- Born: 22 April 1861 Fraserburgh
- Died: 10 November 1943 (aged 82) London
- Spouse: Ethel Elsie Jane Strachan ​ ​(m. 1935)​

= William Noble (BBC founder) =

BBC founder, chief engineer, GPO (1861-1943)

Sir William Noble (22 April 1861 - 10 November 1943), was a chief engineer of the Post Office, and a founder of the BBC.

== Background ==
Noble was born in a house on Back Street, now High Street, Fraserburgh, the son of Alexander Begg Noble, master blacksmith and Elizabeth Brook.

== Early career and study ==
It is reported that Noble left school at 13. He started work as a telegraphist in Aberdeen aged 16. He studied Pitman's shorthand, and in his spare time studied English, mathematics and the principles of electricity and magnetism. He gained several medals and prizes, and was employed for a time as lecturer in electricity and telegraphy at Gordon's College, Aberdeen. His skill with shorthand led to an invitation to become a journalist, which he turned down.

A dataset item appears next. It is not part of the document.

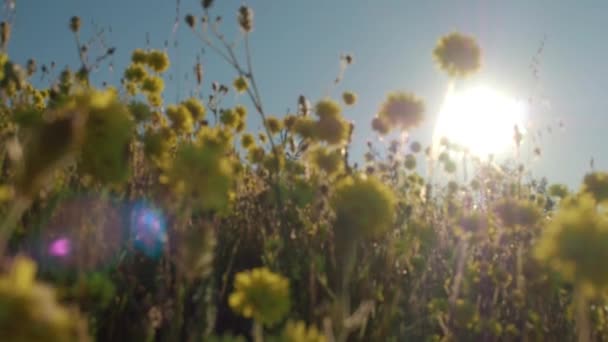 Yellow Pompom Everlasting Wildflowers Focus Pull — Stock videók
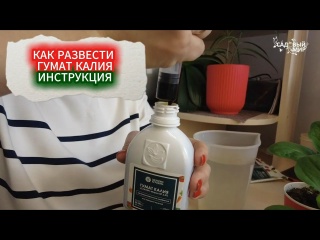 ПОЛИВ ГУМАТОМ КАЛИЯ РАССАДЫ - ЛУЧШАЯ ПОДКОРМКА ДО ВЫСАДКИ РАССАДЫ НА ГРЯДКИ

By 1893 he was appointed engineer-in-charge at the Aberdeen section of the Post Office. In 1901 he moved to London and played a leading role in the development of the telephone network in the capital. He became superintending engineer for the London District in 1907. In 1912 he was appointed assistant engineer-in-chief of the Post Office. By 1919 he had reached the top position of the Post Office's engineer-in-chief, replacing Sir William Slingo. War had interrupted the development of the civilian telephone network. He had been responsible for the selection of suitable officers for the Signals Section of the Royal Engineers.

He appeared before both the Holt Committee and the Geddes Committee, and his evidence for the value of the work carried out by Engineering Department of the Post Office resulted in that department largely avoiding cuts.

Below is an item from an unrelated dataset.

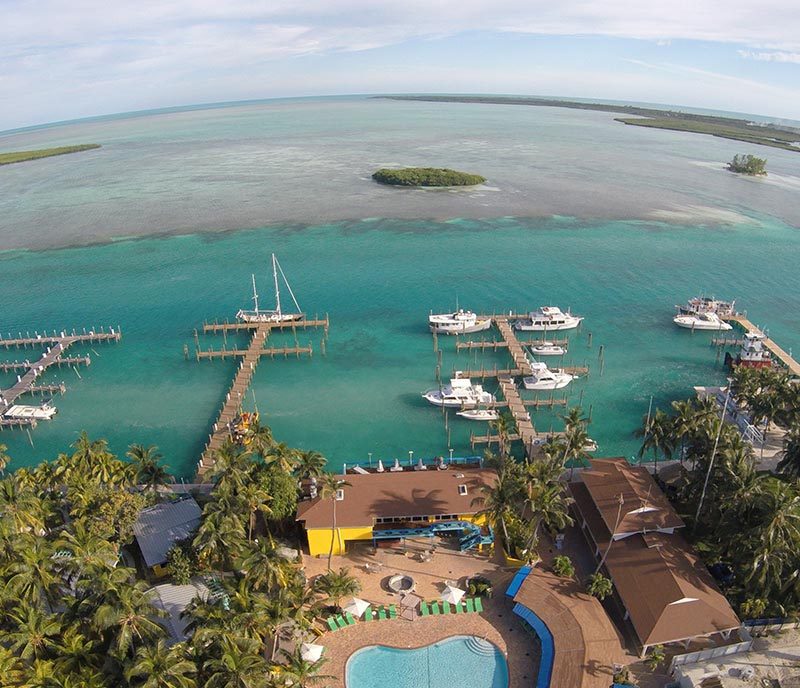 Bimini Big Game Resort & Marina - Hammerhai Tauchen 2025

Noble had been responsible for plans for extending the London Post Office Railway, expansion of which has been delayed by the recent war.

He retired from the Post Office in 1922, having been appointed the chairman of the newly formed Broadcasting Committee. He considered standing as a Liberal Party candidate in an upcoming election, but decided not to.

== Later career ==
Noble became director of the General Electric Company on his retirement. He co-founded the British Broadcasting Company, of which he was director from 1922 to 1926.

In October 1922 the board of the British Broadcasting Company placed an advert in the Times for a general manager and other positions. It read "The British Broadcasting Company (in formation). Applications are invited for the following officers: General Manager, Director of Programmes, Chief Engineer, Secretary. Only applicants having first-class qualifications need apply to Sir William Noble, Chairman of the Broadcasting Committee, Magnet House, Kingsway, WC2."

There were six applications for the post of general manager; among them one was from John Reith. Despite Reith's not knowing what 'broadcasting' was, he penned an application and posted it in his club's post-box. He then read about Noble in Who's Who, discovering his strong links to Aberdeen. He persuaded staff to open the post box, retrieved the application and reworked it with references to his roots in North East Scotland. Noble interviewed Reith and he was appointed later that year.

== Personal life and death ==
Noble was married three times. He was widowed twice. His second wife died on 20 June 1926. His third wife, who he married on 17 April 1935, at Saint Columba's (Church of Scotland), Chelsea, was Ethel Elsie Jane Strachan. She was 41 and he 73.

It was reported that Noble died in a London hotel on 10 November 1943 after a long illness. A memorial service was held at St Martins In the Fields on 17 November 1943, with a large congregation in attendance.

== Honours ==
Noble was knighted in the 1920 Birthday honours list. He was awarded the Chevalier de I'Ordre de la Couronne by the King of Belgium following the First World War. It was reported in his obituary in the Coventry Standard that "During his tenure office as Engineer-in-Chief, he had done much to assist the technical work of the Post Office In France and in Japan. On his retirement from the Post Office, the French Government wished confer on Sir William the order of the Legion d’Honneur. and the Japanese Government the Order of The Rising Sun; but the British Government declined allow this to be done, the ground that Sir William was Government official."